C'est donc à bon droit que les premiers juges ont considéré que l'attestation de M. [J] n'avait pas eu d'incidence sur le sens de l'arrêt de la cour administrative d'appel de Paris, qui serait parvenu à la même conclusion sans cette attestation dont il n'était pas même fait mention dans les motifs de son arrêt.
Par conséquent, le jugement déféré sera confirmé en toutes ses dispositions.
Sur la demande de dommages-intérêts pour procédure abusive et appel abusif :
L'exercice d'une action en justice ne dégénère en faute pouvant donner lieu à des dommages-intérêts que si l'appelant a agi par malice ou de mauvaise foi ou avec une légèreté blâmable.
Le simple fait que la procédure soit injustifiée et l'appel rejeté ne la rend pas abusive.
En l'espèce, M. [U] n'a pas interjeté appel du jugement déféré en ce qu'il a débouté M. [J] de sa demande de dommages-intérêts pour procédure abusive et M. [J] n'ayant pas interjeté appel incident de ce chef de jugement, l'acte d'appel n'opère aucun effet dévolutif sur ce point, étant souligné, d'une part, que la cour d'appel doit statuer dans la limite du litige dont elle est saisie, et d'autre part, que M. [J] demande, aux termes du dispositif de ses conclusions la confirmation de la décision déférée en toutes ses dispositions.
La cour n'étant pas saisie de cette contestation, il n'y a pas lieu de statuer sur la demande d'indemnisation pour procédure abusive en première instance.
Concernant la demande relative à l'appel abusif, l'intimé n'établit pas l'intention malicieuse, la mauvaise foi ou la légèreté blâmable de M. [U]. Il ne ressort pas du comportement de l'appelant que celui-ci ait été fautif ou dilatoire au point de dégénérer en abus de droit.

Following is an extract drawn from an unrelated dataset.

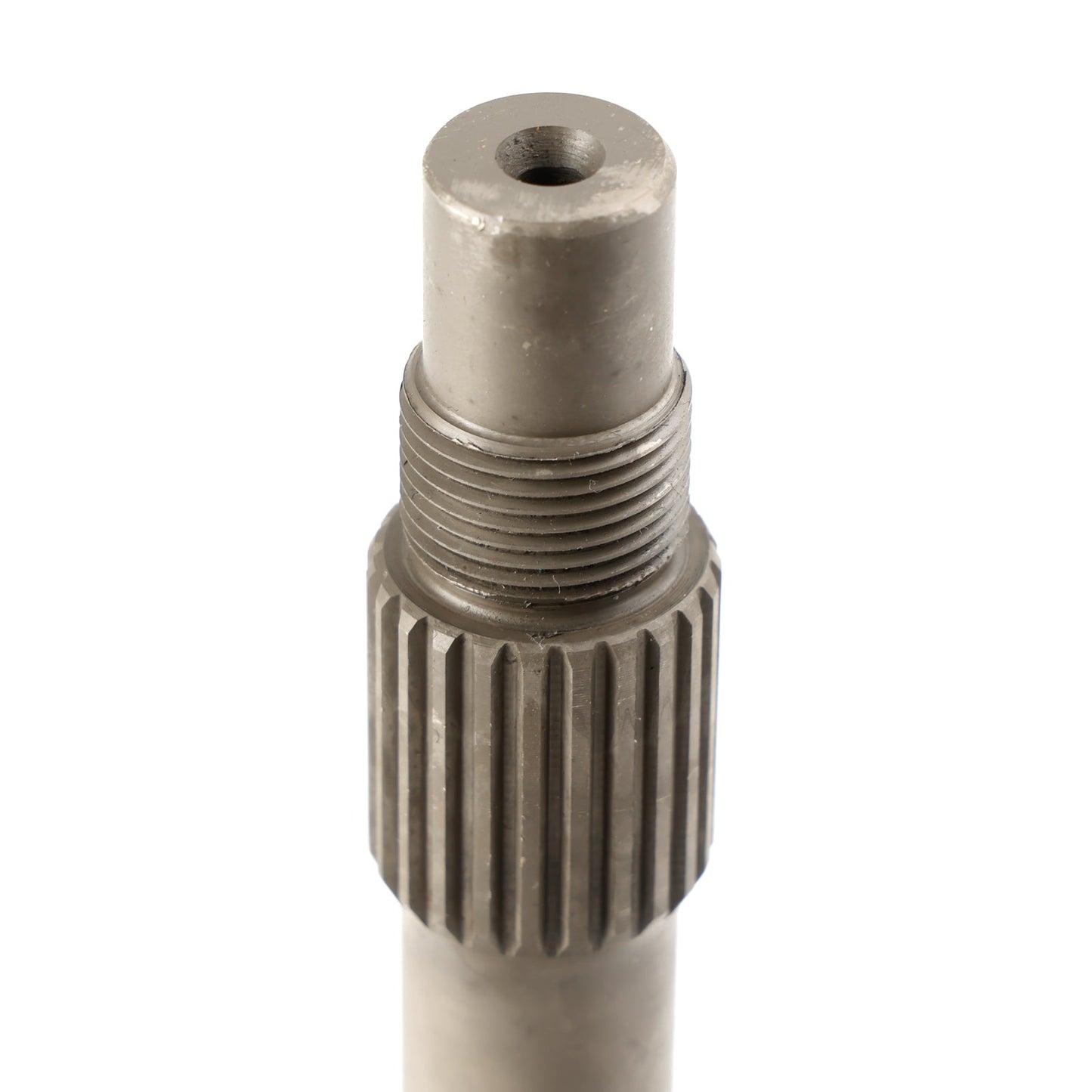 2007-2008 CFMoto CFORCE 500-A LWB Set puleggia variatore frizione anteriore 0180-053000-0003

De plus, M. [J] se contente, à hauteur d'appel, de demander la condamnation de M. [U] à lui verser 5 000 euros pour procédure abusive sans même caractériser le préjudice qu'il aurait subi à ce titre.
M. [J] sera donc débouté de sa demande à ce titre.
Sur les demandes accessoires :
M. [U], partie perdante, sera condamné aux dépens de la procédure d'appel.
L'équité commande de condamner M. [U] payer à M. [J] la somme de 3 500 euros sur le fondement de l'article 700 du code de procédure civile.
PAR CES MOTIFS
La cour, statuant publiquement, par arrêt contradictoire, mis à disposition au greffe après en avoir délibéré conformément à la loi :
Confirme le jugement déféré dans toutes ses dispositions ;
Y ajoutant,
Rejette toutes les autres demandes ;
Condamne M. [T] [U] à payer à M. [O] [J] la somme de 3 500 euros sur le fondement de l'article 700 du code de procédure civile, au titre de l'instance d'appel ;
Condamne M. [T] [U] aux dépens de la procédure d'appel, qui seront distraits en application des dispositions de l'article 699 code de procédure civile.
Prononcé par mise à disposition de l'arrêt au greffe de la Cour, les parties en ayant été préalablement avisées dans les conditions prévues au deuxième alinéa de l'article 450 du code de procédure civile.
Arrêt signé par Mme Emmanuèle Cardona, Présidente de la deuxième chambre civile et par la Greffière,Caroline Bertolo, à laquelle la minute de la décision a été remise par le magistrat signataire.